Cam'Ron Harris, Miami

Harris is a bigger back that has delivered some fireworks early this season. In each of the Hurricanes' two games, he has finished with exactly 134 rushing yards. Against UAB, it took 17 carries. Against Louisville, it took just nine. The Louisville rush defense has been a huge problem dating back to the 2019 regular season finale when Kentucky racked up 517 rushing yards on 40 carries. 

On this particular play, the cutback was a bit off-kilter but the end result rendered that irrelevant. When Harris bounced it to the outside, it was a foot race to the end zone. The Florida native is more of a long strider than fast but was able to out run Louisville defensive backs with an angle for a 75-yard touchdown. 

Tune in next week to learn whether or not Harris was able to rush for exactly 134 yards against Florida State! As an aside, true freshman running back Jaylan Knighton looks to be on a path for stardom. It will be a few more years before he is discussed as being draft eligible.

Miami won, 47-34.

Javian Hawkins, Louisville

In the draft prospects to watch piece from the weekend, Hawkins was featured because of his dynamic play-making ability. On any given play, he is capable of taking it to the house. His improvisational ability was on display against the No. 17 ranked Miami Hurricanes this weekend. There were several red plays but the focus is on the positive. 

On this particular play, Hawkins takes the hand-off right but quickly finds himself bottled up. Miami edge rusher Jaelan Phillips had pushed Louisville's right tackle into the running back's path and the rest of the line was collapsing down. He made a jump cut towards the opposite side of the field but saw a defender approaching. Rather than sinking to the ground and taking the loss, he spun around the defender and found some open green grass. The Florida native gets a big block from quarterback Malik Cunningham to spring him for a 19-yard touchdown. 

On the day, he finished with 27 carries for 164 yards and one touchdown.
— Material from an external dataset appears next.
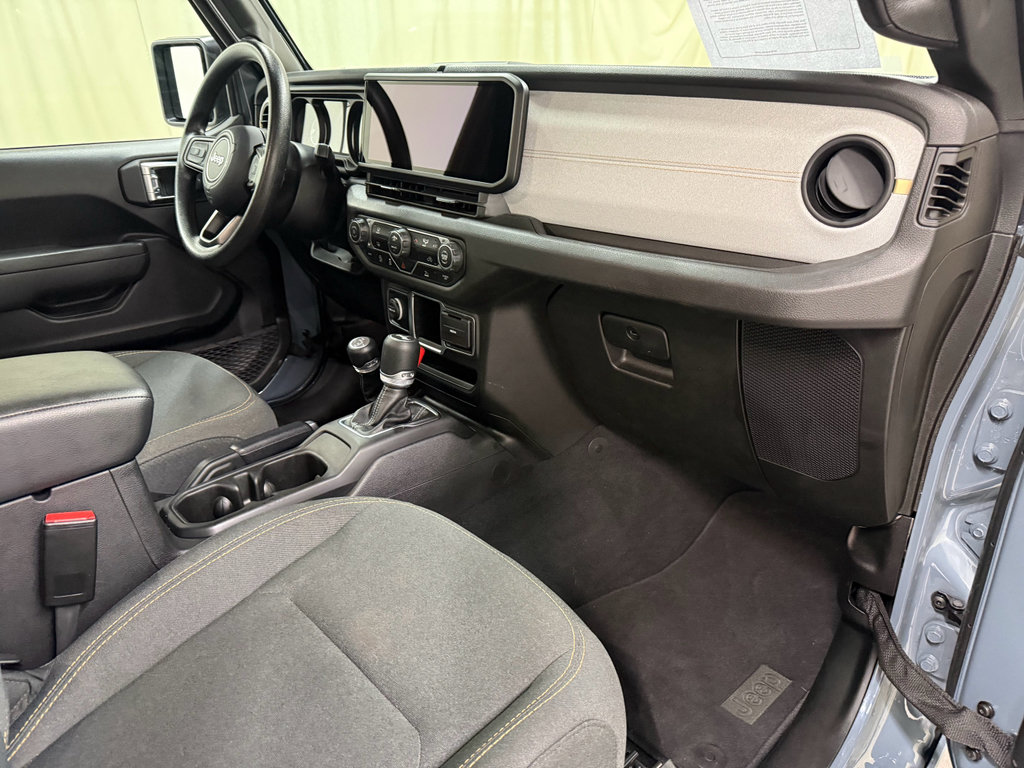 Used 2024 Jeep Wrangler Sport image 21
In addition to his burst, fans can trust Hawkins' ball security. He was not responsible for any fumbles in 2019.

Chuba Hubbard, Oklahoma State

The Oklahoma State offense looked out of sorts in their regular season debut against Tulsa. Running back Chuba Hubbard moved forward to accept an exchange from quarterback Spencer Sanders and the two were unable to get on the same page as the ball was fumbled to the turf. Sanders appeared to injure himself on the play and never returned. Hubbard managed just 35 yards on 13 carries in the first half and Tulsa carried a 7-3 lead into the fourth quarter. 

The Alberta, Canada native did break a 20-yard run in the second half and plunged into the end zone for a three-yard score to finish the game with 27 carries for 93 yards and one touchdown. In the first half, the running back was averaging negative yardage before contact, according to TruMedia, which illustrates that the Golden Hurricanes were getting penetration. In the second half, the yardage before contact jumped to roughly 1.65. The Cowboys eventually pulled away to win, 17-6. 

Elijah Mitchell, Louisiana

Mitchell had a big day rushing for 164 yards and two touchdowns on 16 carries. His two touchdowns required speed as opposed to finesse and elusiveness. On the 59-yard third quarter touchdown, he broke one tackle at the line of scrimmage and then was gone. His game-winning touchdown in overtime was to the wide side of the field as he got around the corner and rushed untouched to the end zone. He also had a 53-yard rush in the fourth quarter.

As the game progressed, he became more effective but, if you take away his three big runs, he finished with 33 yards on 13 carries. Four of those carries were negative. He needs to take fewer losses.